Por Abel Medina Sierra
El día resbala apresurado en el trajín de las clases. Árboles generosos en sombra palían un sol inclemente en la escuela indígena de Warawarao, zona rural de Maicao. Allí, esa comunidad una vez se selló, con intermediación delegada del comisario y general Francisco Pichón, el más importante pacto de paz en La Guajira, el que puso fin a la guerra entre las hordas bélicas del gran “Jefe de la sierra” José Dolores y el clan Epinayú de la Alta Guajira. También allí, brevemente se fijó la capital de la Comisaría de La Guajira según decreto 807 del 31 de agosto de 1911 según el historiador Marco Tulio Anichiarico (2015). Un año después, a través de la resolución 2 del 16 de enero del 2012, pasó San Antonio de Pancho a ser la capital de La Guajira.
Pocos lugareños tienen hoy memoria de tan emblemáticos hechos que ocurrieron en su territorio. Pero allí, entre sus aulas, la verde fronda de su patio y el fresco resuello de la laguna de Warawarao un joven delgado, que a veces parece ensimismado y distraído, teje el hilo de la historia universal en sus escritos, los que seguramente algún día, darán cuenta de calendas memorables para la comunidad.
Mientras la muchachada corre y agota fuerzas en los estrechos minutos del recreo, “Joaco”, como lo llaman todos, se aísla bajo un árbol, pliega un rugoso cuaderno y comienza una lidia con la escritura creativa. Un cuento de largo aliento lo apremia, un final espera por resolución, una trama clama progresión.

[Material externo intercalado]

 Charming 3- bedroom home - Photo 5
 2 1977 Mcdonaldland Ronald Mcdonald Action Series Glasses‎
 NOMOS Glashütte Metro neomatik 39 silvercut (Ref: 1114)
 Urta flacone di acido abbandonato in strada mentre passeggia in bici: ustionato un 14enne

Los demás estudiantes lo miran con curiosidad, quizás les parecer raro que un adolescente “desperdicie” un recreo para dedicarse a escribir y no precisamente tareas escolares.
Se llama Joaquín Eduardo Barros Jusayú, cursa octavo en la escuela de Warawarao y tiene 16 años. Su padre, Samuel Barros, un maestro de obra wayuu, su madre arijuna se llama Linda Pujol y se decida a preparar y vender suero y queso. “Joaco” explica, mientras se rasca la cabeza: “Yo nací en Venezuela el primero de febrero del dos mil nueve. No tengo oficialmente el apellido de mi mamá porque cuando a mí me presentaron, como mi mamá no es documentada en Colombia, a mí me presentó una señora que se llama Zaira Jusayú”.

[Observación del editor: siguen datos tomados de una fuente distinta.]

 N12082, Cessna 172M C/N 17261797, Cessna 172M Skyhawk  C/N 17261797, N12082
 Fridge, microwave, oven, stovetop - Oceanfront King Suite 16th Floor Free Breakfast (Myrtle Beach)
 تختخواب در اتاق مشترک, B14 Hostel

Nació en el Hospital Adolfo Pozo de Maracaibo, pero casi toda su vida ha transcurrido en la zona rural de Maicao. Hoy alterna su vida entre Warawarao y Maicao. Estudió un tiempo en la sede Yulepu y luego pasó a la de Warawarao. Mis visitas como parte de mi trabajo a esta comunidad, me revelaron este joven estudiante que no ha estado exento que lo miren como “raro” y hubo quienes llegaron a pensar que era “especial”. Claro que lo es, porque su talento y creatividad es excepcional.

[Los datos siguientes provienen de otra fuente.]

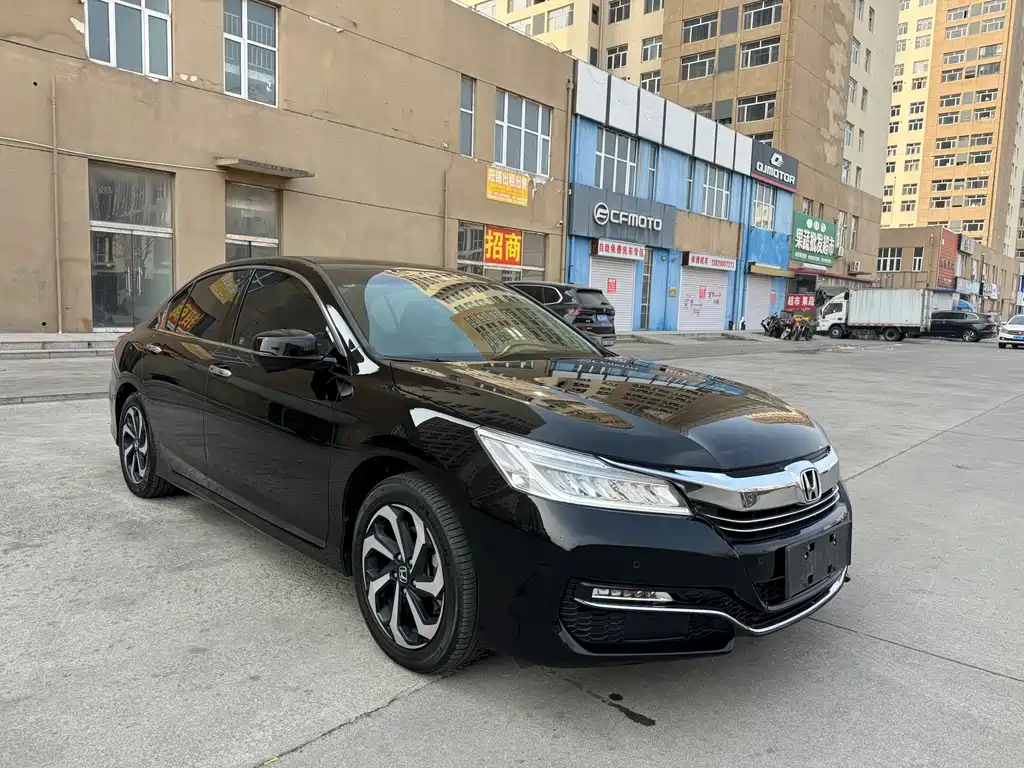 Honda Accord 2016 — фото 3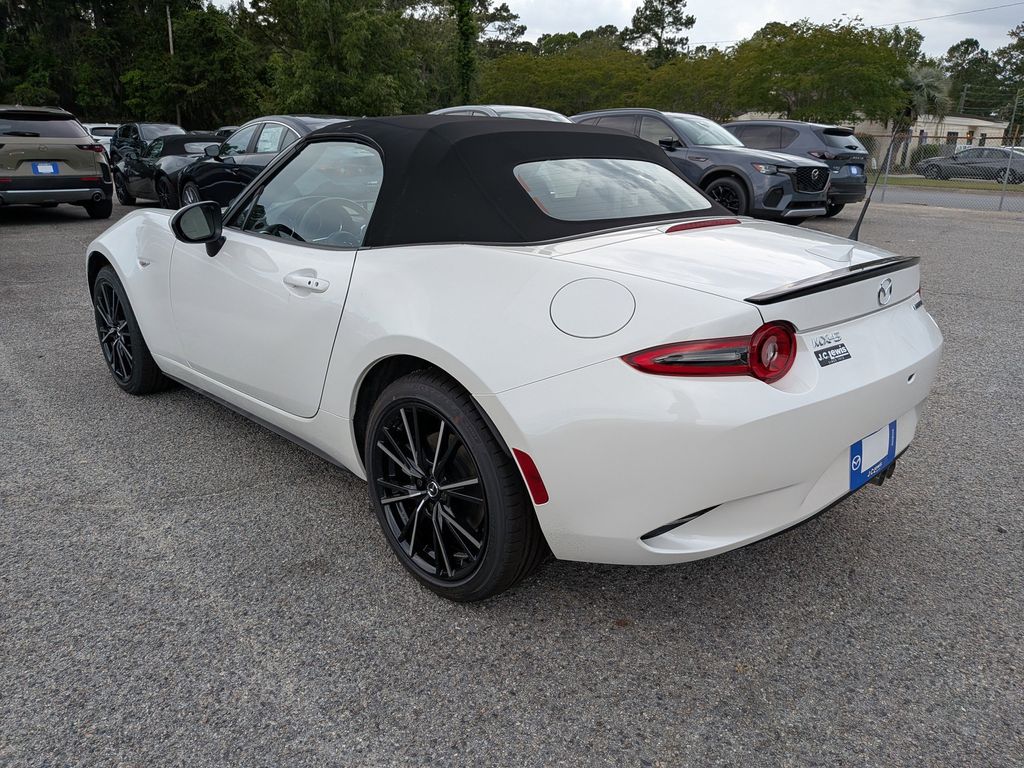 2026 Mazda MX-5 Miata Grand Touring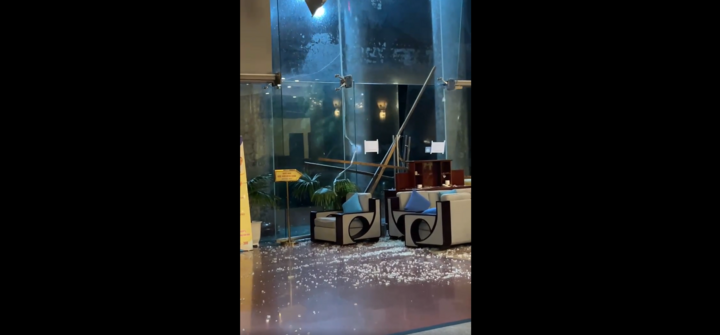 Clip: Bão Kalmaegi quật vỡ kính khách sạn ở Gia Lai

Mucho más me interesó porque vi en él, el reflejo de mi experiencia como escritor: Joaco nunca tuvo padres letrados, ninguna influencia familiar, ni había libros en su casa, tampoco hay biblioteca en la escuela donde cursa el grado octavo, nunca ha asistido a un taller literario. Sin embargo, un impulso interno, una seducción explosiva lo ató por siempre a las letras como único territorio de sus días de hogaño.